■ **EXERCISE OBJECTIVE**
Please write out exactly, without any picture, each line from the first in the listing through the line that includes "Boğaziçi Üniversitesi kapısına".

■ **INFORMATION**
((
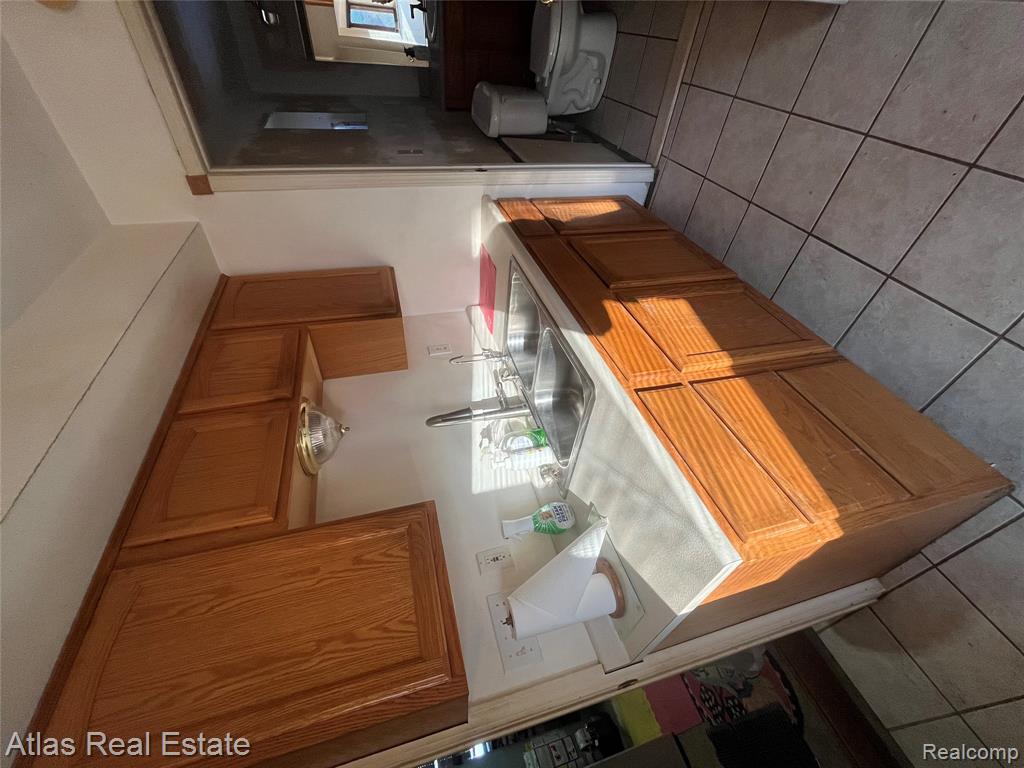 4067 Jefferson Street, Burton, MI 48509 — Photo 14
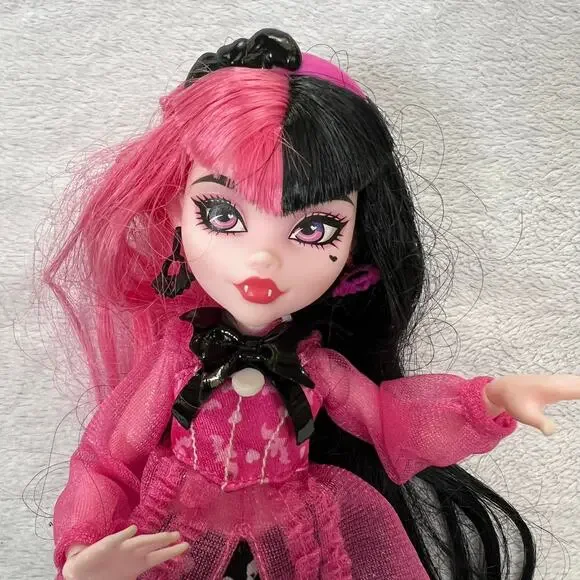 2022 Monster High Draculaura Count Fabulous Doll by Mattel - Picture 3 of 9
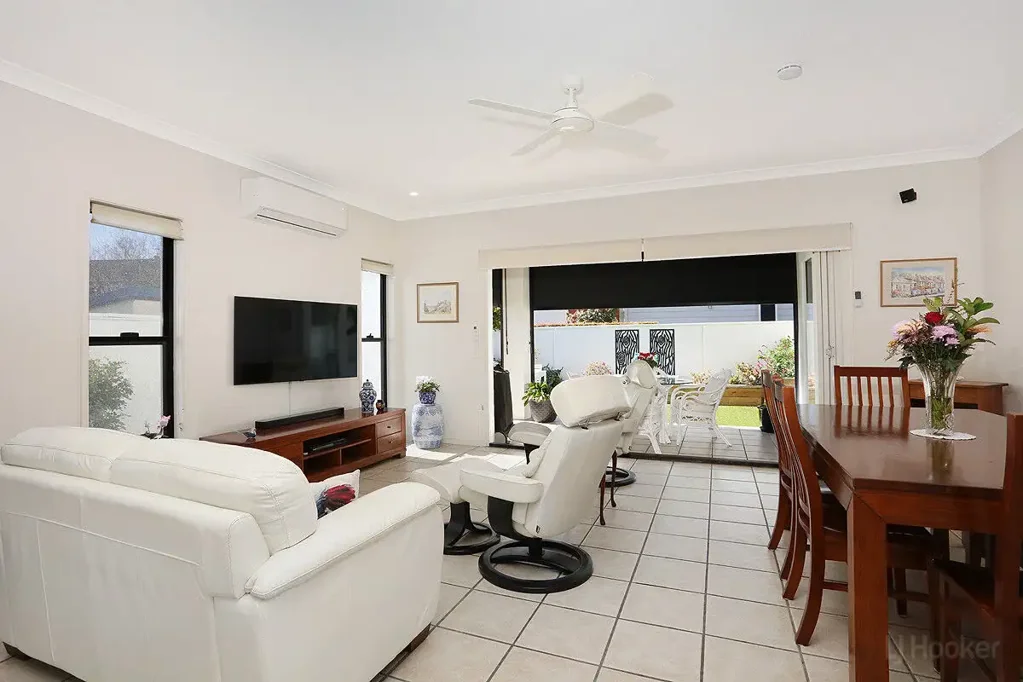 Hollywell 3房  Style & Comfort on Bayview Street’s East Side — Only Moments from the Broadwater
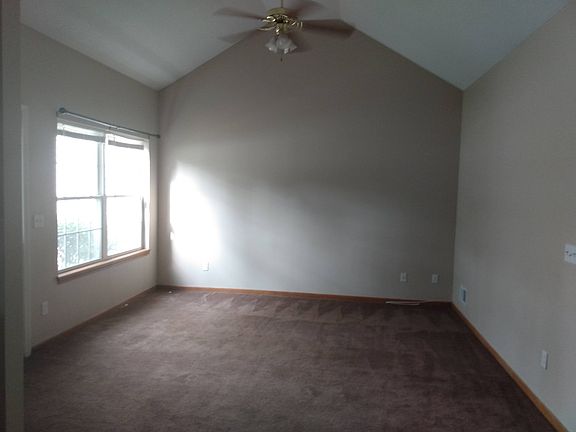 3rd image of 8356 Waverly Ave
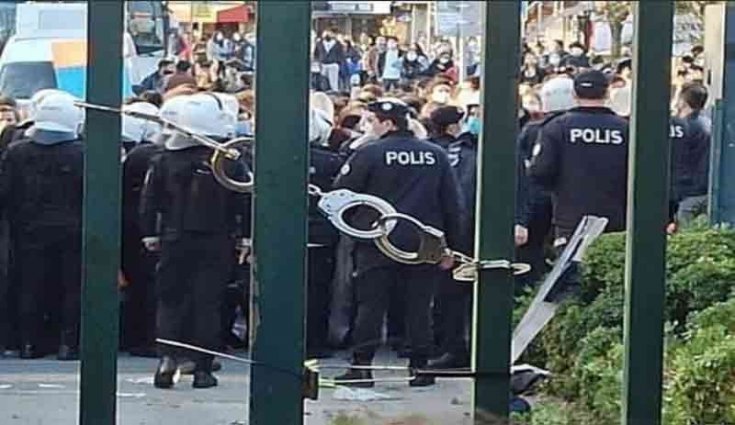 Boğaziçi Üniversitesi kapısına takılan kelepçeyle ilgili inceleme başlatıldı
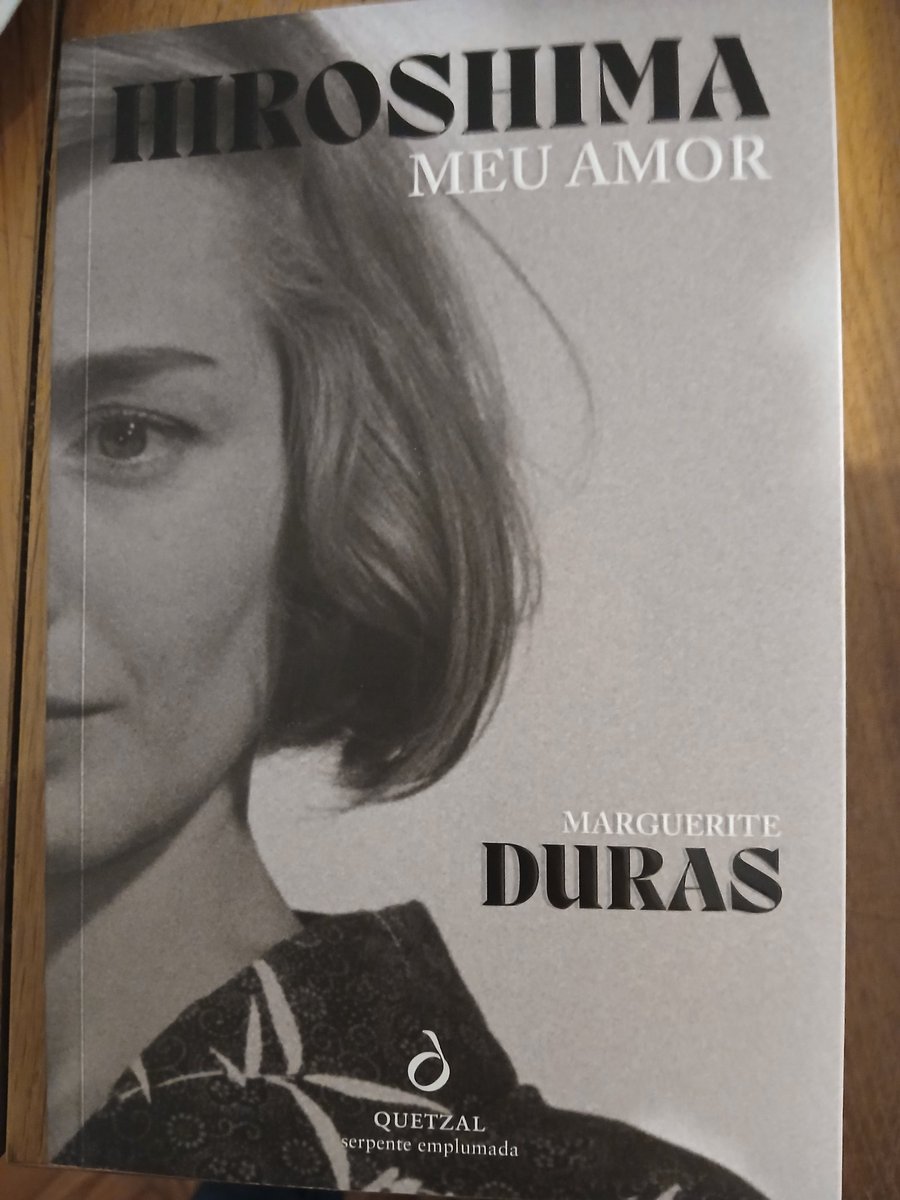 A propósito da Feira e dos Livros: tenho andado nos últimos tempos numa alternância - quase simultânea - entre M.Duras e J. Bénard da Costa; sinto-me como um velho irlandês que conheço no Alentejo, que, no café habitual, bebe sempre um whisky e uma cerveja em goles alternados
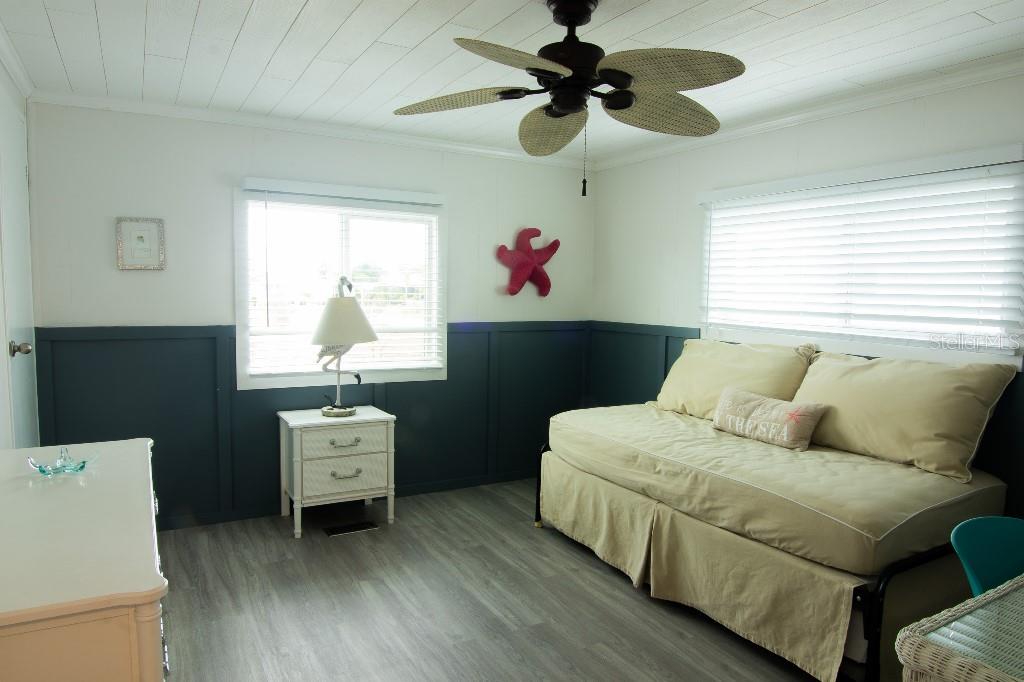 LEMON BAY ISLES PH 01 - Residential
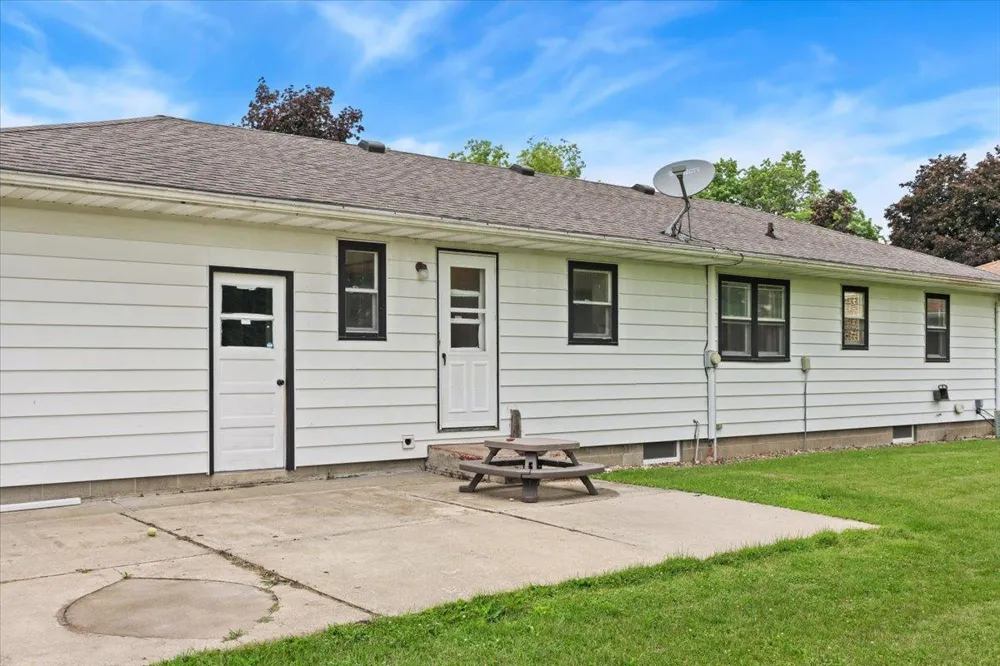 1009 W Center Street Lake City, MN 55041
))
■ **ANSWER TO THIS EXERCISE**
 4067 Jefferson Street, Burton, MI 48509 — Photo 14
 2022 Monster High Draculaura Count Fabulous Doll by Mattel - Picture 3 of 9
 Hollywell 3房  Style & Comfort on Bayview Street’s East Side — Only Moments from the Broadwater
 3rd image of 8356 Waverly Ave
 Boğaziçi Üniversitesi kapısına takılan kelepçeyle ilgili inceleme başlatıldı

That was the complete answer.